Preisgekrönte Miniserie
Ein solcher Fall ist die Serie Die Zweiflers, die 2024 nicht nur den Grimme-Preis und mehrere deutsche Fernsehpreise gewann, sondern auch beim Festival Canneseries abräumte. Wie kaum eine andere Serie widmet sie sich mit viel Witz und Wahrhaftigkeit den Alltagssorgen, Generationskonflikten und Identitäts-Auseinandersetzungen einer jüdischen Familie in Deutschland. „Mir ging es nicht in erster Linie darum, eine Lücke im deutschen Fernsehen zu füllen“, beteuert David Hadda, der als Creator und Showrunner hinter dem tragikomischen Sechsteiler steht, den er gemeinsam mit Ehefrau Sarah sowie Juri Sternburg geschrieben hat. „Vielmehr habe ich die Idee zu diesem Projekt schon sehr lange mit mir herumgetragen. Ich wollte einfach mal eine Geschichte erzählen, die sich auf jenen Mikrokosmos konzentriert, in dem ich selbst aufgewachsen bin.“ Und mit Blick auf seine eigene Kindheit in Frankfurt, wo Die Zweiflers nun auch spielt, schiebt er im Interview hinterher:Wobei ich immer wieder betone, dass die Geschichte zwar nicht autobiografisch, aber doch emotional in der Realität verankert ist. Wir zeigen eine Collage von Menschen, mit denen wir aufgewachsen sind und die wir in unserem Leben kennengelernt haben.
Frankfurt so cool in Szene gesetzt, als sei es New York
Angefangen beim Tonfall, der keine Angst vor Überzeichnung hat, mit Klischees spielt und trotzdem nie unecht wirkt. „Labels und Genres haben mich in dieser Hinsicht noch nie interessiert“, sagt Hadda, der mit seiner Firma Turbokultur auch schon Serien wie Lamia und Deadlines sowie die Show Freitag Nacht Jews verantwortete. „Das Leben ist schließlich auch nie nur Drama oder nur Comedy. Mit einem lachenden und einem weinenden Auge auf die Sache zu blicken, das ist ja auch etwas sehr Jüdisches.“Auch die visuelle Umsetzung der Serie, inszeniert von Anja Marquardt und Clara Zoe My-Linh von Arnim, ist nicht nur für deutsche Verhältnisse sehr speziell: Frankfurt am Main so cool und fernab von Hochglanz in Szene zu setzen, als sei man in New York, muss man erst einmal schaffen. Doch mit nichts besticht Die Zweiflers so sehr wie mit den Figuren und dem Ensemble, das sie zum Leben erweckt.
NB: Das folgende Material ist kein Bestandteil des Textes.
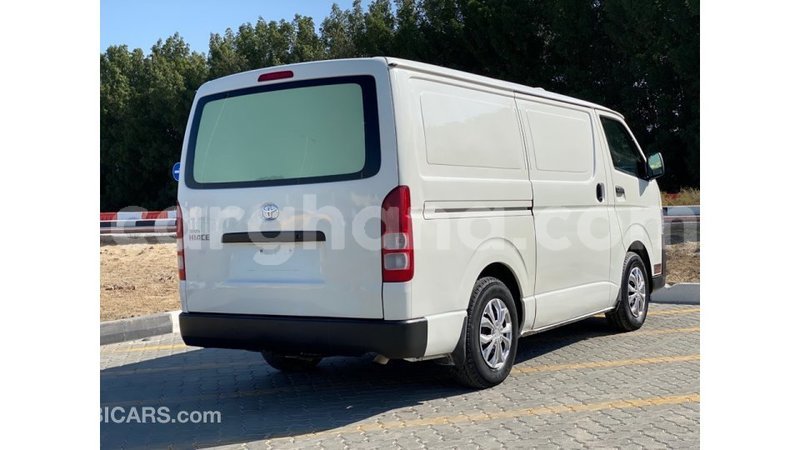 Big with watermark toyota hiace ashanti import dubai 12762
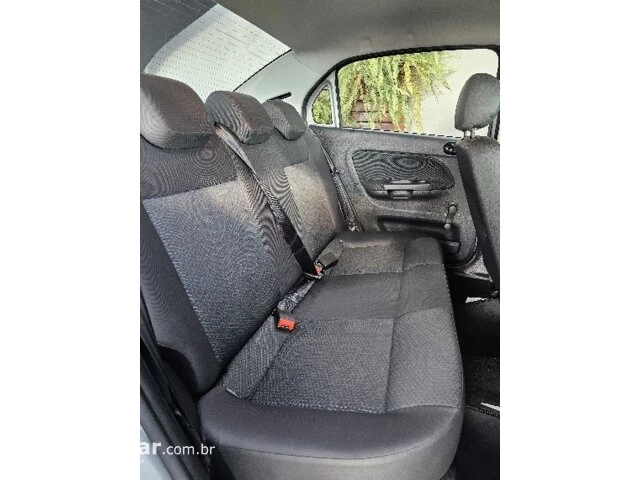 VOYAGE 1.0 12V MPI TOTALFLEX 4P MANUAL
Komplexe und ambivalente Biografien
Die Großelterngeneration der Holocaust-Überlebenden – hier in Gestalt von Familienoberhaupt Symcha Zweifler und seiner Frau Lilka – habe er, so Hadda, hierzulande noch nie so erzählt gesehen. Vom üblichen Opfer-Narrativ keine Spur, stattdessen entwirft die Serie komplexe, auch ambivalente Biografien, die gerade deswegen empowering sind, wie er sagt.Star der Serie: der Cast
Auf der Suche nach Schauspieler*innen im richtigen Alter, die authentisches Jiddisch sprechen, wurde der Showrunner dabei im Ausland fündig: Mike Burstyn ist Broadway-erprobt und nicht zuletzt in Israel ein Star. Von ihm kam auch die Empfehlung für die mehrfach Tony-nominierte Künstlerin Eleanor Reissa, die vor einigen Jahren die Show „From Shtetl to Stage: A Celebration of Yiddish Music and Culture“ an der New Yorker Carnegie Hall verantwortet hatte.Überhaupt, das Ensemble! Aaron Altaras als Samuel trägt die Serie als ihr Fixpunkt so lässig auf seinen Schultern, als sei ihm die Rolle auf den Leib geschrieben. Sunnyi Melles ist als Mimi gerade deswegen eine so spannende Besetzung, weil sie – wie Hadda berichtet – zwar nicht die jüdische Sozialisation mitbrachte, aber als Tochter eines jüdischen Vaters die richtige emotionale Verbundenheit: „Wahrscheinlich hat sie auch deswegen schon im Casting viel weniger das Klischee der jüdischen Mame bedient als einige andere Schauspielerinnen.“
Fortsetzung angekündigt
Dazu kommen unter anderem Mark Ivanir als Mimis Ehemann, Leo Altaras als jüngster Zweifler-Enkel und niemand Geringeres als Ute Lemper (die einzige Nicht-Jüdin im Cast) als in die USA ausgewanderte Tochter Tammi. Satt sehen kann man sich an ihnen allen nicht – und auch deswegen ist es eine solche Freude, dass die zweite Staffel von Die Zweiflers bereits in Arbeit ist.Die Zweiflers
Mini-Serie, ARD 2024
Regie: Anja Marquardt, Clara Zoe My-Linh von Arnim
Drehbuch: David Hadda, Juri Sternburg, Sarah Hadda
Besetzung: Aaron Altaras, Sunnyi Melles, Saffron Coomber, Mark Ivanir, Mike Burstyn, Eleanor Reissa Leo Altaras
6 Folgen à ca. 50 Min.
Produktionsfirma: Turbokultur GmbH (Berlin)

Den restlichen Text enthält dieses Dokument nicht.